__EXERCISE INPUTS__.
****************************************
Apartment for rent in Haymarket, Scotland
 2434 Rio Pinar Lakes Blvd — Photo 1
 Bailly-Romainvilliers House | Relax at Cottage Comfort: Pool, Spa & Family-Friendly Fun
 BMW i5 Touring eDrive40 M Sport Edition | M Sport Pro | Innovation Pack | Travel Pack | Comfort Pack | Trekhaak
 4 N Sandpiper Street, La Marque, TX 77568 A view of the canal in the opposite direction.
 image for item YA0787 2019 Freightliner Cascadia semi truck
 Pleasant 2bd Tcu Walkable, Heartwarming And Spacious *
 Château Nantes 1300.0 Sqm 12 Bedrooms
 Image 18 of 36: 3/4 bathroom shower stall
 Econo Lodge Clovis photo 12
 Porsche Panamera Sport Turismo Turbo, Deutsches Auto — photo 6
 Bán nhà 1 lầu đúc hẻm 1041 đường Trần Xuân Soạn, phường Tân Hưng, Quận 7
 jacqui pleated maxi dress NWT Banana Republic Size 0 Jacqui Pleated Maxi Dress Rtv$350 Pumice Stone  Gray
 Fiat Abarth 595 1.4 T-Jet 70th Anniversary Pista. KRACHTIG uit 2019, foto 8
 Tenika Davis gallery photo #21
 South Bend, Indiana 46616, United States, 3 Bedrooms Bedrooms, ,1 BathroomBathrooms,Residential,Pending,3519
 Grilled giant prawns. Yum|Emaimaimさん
****************************************
__BRIEF__.
Lines with "Comfort": return each one from the data above.

__RESULT__.
 Bailly-Romainvilliers House | Relax at Cottage Comfort: Pool, Spa & Family-Friendly Fun
 BMW i5 Touring eDrive40 M Sport Edition | M Sport Pro | Innovation Pack | Travel Pack | Comfort Pack | Trekhaak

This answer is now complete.